Emergent Phenomena of Complex Electronic Materials
C. Pfleiderer
Physik-Department, Technische Universität München, Germany E-Mail: christian.pfleiderer@frm2.tum.de
Complex electronic materials display emergent phenomena in intimate analogy with a wide range of different areas in physics. Examples include the Higgs mechanism in superconductors, magnetic monopoles in frustrated magnets and Majorana fermions in topological insulators. I will present recent experimental studies in chiral magnets that allude to a research program initiated by Heisenberg, notably how to go beyond particle-wave duality. Using neutron scattering we identified a new form of magnetic order in certain chiral magnets, which is composed of topologically stable knots in the spin structure, so-called skyrmions. The skyrmions may be viewed as particle-like states of continuous fields, forming lattice structures as well as amorphous and glassy phases reminiscent of vortex lines in superconductors.
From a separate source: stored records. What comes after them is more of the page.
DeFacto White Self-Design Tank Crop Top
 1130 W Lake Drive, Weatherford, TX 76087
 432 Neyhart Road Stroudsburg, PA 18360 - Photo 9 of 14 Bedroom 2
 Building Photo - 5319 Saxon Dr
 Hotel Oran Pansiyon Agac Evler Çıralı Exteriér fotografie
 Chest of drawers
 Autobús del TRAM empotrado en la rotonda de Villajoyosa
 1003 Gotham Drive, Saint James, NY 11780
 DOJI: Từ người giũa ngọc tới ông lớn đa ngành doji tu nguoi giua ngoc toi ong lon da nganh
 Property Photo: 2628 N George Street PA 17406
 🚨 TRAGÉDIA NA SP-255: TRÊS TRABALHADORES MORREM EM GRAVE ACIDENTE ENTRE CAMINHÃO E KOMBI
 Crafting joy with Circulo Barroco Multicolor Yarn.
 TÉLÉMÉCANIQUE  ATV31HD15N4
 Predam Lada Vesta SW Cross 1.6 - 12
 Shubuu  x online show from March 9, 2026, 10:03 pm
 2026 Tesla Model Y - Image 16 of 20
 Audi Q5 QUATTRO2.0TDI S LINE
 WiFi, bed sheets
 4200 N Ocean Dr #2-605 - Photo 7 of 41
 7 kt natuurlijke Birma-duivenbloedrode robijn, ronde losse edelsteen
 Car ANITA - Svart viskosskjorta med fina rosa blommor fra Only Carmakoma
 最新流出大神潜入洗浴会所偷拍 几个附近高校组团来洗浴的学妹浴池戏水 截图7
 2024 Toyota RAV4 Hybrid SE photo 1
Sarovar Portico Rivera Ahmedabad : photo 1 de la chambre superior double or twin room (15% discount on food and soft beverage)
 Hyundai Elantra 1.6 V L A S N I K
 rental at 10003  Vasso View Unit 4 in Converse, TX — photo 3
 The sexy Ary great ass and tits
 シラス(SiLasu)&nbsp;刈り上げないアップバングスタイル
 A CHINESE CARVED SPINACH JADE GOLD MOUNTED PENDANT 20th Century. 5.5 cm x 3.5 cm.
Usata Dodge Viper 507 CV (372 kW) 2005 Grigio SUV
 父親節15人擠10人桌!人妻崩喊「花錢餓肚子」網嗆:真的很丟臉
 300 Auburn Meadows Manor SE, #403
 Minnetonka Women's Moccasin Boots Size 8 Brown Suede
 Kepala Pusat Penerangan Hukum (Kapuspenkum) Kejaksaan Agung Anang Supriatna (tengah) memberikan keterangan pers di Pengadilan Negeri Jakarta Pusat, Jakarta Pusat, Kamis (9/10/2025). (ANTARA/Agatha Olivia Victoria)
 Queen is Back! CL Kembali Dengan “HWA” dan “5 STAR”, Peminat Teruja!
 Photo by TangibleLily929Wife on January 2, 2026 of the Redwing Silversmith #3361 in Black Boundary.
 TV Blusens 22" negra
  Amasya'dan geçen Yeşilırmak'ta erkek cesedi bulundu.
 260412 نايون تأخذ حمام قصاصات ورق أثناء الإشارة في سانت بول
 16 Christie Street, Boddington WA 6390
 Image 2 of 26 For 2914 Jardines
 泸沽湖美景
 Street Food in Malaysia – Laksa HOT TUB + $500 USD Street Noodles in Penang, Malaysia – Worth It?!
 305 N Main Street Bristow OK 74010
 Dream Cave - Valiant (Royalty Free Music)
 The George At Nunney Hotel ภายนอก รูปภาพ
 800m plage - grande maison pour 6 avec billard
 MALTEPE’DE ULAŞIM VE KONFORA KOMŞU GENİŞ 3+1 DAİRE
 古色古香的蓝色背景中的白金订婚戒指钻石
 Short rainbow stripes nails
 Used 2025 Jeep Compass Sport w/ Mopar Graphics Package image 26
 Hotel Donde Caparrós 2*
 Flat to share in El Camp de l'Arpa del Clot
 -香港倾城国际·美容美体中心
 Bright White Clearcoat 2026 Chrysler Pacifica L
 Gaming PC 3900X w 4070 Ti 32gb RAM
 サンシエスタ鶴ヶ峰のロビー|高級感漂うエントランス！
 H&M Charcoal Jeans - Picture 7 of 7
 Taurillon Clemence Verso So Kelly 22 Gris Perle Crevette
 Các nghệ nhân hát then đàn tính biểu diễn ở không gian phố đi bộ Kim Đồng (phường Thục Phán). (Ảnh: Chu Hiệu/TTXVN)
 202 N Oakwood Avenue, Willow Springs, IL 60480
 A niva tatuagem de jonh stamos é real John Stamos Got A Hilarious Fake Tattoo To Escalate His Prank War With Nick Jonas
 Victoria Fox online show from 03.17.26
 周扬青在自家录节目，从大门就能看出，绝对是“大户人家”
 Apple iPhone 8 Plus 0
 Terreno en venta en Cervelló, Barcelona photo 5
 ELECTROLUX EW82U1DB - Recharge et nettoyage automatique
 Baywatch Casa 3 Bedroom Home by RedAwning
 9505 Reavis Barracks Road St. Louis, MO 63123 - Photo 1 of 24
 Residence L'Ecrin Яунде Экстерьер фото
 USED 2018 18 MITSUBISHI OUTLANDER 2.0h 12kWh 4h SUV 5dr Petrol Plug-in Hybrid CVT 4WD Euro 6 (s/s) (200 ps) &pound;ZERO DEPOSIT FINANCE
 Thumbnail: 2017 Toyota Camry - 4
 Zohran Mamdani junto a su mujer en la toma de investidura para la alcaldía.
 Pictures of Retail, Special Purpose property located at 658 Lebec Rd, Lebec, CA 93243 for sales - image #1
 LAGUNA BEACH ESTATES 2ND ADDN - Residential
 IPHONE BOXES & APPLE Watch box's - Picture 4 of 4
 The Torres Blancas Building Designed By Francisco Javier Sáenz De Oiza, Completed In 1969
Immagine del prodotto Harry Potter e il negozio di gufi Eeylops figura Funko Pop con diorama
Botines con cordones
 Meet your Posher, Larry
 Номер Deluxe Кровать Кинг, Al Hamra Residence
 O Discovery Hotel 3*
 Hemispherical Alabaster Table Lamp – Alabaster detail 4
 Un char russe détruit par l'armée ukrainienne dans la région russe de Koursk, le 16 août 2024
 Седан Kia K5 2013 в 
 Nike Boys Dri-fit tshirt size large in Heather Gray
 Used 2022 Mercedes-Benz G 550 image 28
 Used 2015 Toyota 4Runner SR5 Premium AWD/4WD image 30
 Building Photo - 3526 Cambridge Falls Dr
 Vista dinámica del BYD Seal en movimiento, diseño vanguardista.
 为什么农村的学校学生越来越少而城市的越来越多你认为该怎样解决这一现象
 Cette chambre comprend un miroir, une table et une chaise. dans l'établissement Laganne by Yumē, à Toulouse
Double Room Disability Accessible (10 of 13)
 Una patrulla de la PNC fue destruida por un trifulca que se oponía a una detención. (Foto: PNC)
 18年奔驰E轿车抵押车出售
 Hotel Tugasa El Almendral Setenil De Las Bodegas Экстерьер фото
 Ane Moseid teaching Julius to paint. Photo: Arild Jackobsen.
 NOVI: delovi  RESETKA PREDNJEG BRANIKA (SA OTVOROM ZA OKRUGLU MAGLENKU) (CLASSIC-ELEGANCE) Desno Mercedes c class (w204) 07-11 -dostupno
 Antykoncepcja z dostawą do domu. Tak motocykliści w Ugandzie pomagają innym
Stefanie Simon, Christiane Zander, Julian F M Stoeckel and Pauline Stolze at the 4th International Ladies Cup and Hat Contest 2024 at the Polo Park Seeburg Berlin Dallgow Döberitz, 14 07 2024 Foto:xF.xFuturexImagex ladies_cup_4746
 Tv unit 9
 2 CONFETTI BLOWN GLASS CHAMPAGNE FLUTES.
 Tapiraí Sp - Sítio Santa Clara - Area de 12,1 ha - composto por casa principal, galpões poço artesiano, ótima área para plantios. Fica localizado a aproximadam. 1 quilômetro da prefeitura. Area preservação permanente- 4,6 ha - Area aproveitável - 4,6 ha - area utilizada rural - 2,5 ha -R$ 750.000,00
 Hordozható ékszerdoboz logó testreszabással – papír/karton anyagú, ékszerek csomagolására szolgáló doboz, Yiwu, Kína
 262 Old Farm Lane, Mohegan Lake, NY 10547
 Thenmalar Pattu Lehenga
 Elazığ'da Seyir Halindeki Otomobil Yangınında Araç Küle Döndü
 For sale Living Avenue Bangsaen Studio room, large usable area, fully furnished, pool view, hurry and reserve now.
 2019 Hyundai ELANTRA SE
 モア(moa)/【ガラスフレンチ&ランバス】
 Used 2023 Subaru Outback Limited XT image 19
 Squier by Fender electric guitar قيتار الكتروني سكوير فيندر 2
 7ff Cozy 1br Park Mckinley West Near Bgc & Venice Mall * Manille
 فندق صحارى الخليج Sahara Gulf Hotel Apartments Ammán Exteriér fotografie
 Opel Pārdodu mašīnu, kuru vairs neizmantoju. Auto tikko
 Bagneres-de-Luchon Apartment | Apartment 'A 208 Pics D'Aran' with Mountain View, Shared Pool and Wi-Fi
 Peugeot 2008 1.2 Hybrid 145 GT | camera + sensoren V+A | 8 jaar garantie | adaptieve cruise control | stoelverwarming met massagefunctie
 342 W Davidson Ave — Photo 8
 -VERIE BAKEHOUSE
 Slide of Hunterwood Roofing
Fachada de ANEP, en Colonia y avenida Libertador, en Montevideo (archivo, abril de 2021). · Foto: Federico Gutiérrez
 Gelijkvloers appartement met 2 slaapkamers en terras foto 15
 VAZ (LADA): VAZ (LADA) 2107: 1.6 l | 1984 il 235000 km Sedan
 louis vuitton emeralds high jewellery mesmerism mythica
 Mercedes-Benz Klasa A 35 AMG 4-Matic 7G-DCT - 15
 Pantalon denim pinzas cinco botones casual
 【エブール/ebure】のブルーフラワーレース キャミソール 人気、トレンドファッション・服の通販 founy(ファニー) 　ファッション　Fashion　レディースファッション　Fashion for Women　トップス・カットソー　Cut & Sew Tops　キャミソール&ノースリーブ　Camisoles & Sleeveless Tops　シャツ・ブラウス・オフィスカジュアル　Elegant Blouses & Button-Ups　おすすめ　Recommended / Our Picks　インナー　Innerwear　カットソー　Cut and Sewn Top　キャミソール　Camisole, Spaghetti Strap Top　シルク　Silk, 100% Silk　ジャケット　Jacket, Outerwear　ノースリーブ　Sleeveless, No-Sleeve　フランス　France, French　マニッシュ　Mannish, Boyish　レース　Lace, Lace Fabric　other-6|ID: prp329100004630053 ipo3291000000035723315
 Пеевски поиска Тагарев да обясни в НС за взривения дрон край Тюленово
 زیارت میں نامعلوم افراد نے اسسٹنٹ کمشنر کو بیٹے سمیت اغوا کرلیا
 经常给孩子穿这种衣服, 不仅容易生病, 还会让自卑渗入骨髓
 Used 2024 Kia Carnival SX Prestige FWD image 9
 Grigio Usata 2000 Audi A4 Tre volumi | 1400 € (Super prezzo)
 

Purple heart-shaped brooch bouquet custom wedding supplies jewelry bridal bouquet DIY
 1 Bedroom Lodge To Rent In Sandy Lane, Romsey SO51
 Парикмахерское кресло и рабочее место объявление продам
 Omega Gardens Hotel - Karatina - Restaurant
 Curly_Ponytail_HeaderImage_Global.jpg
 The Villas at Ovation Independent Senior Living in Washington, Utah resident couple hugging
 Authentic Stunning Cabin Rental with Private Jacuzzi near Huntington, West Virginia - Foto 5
In the electronic transport properties the skyrmions give rise to a quantized Berry phase causing a new form of Hall effect, the topological Hall effect. Most remarkably, perhaps, we observe large spin transfer torques mediated by this Berry phase at ultra-low current densities. This illustrates how emergent phenomena of complex electronic materials connect issues across a wide range of areas in physics with challenges in applied physics.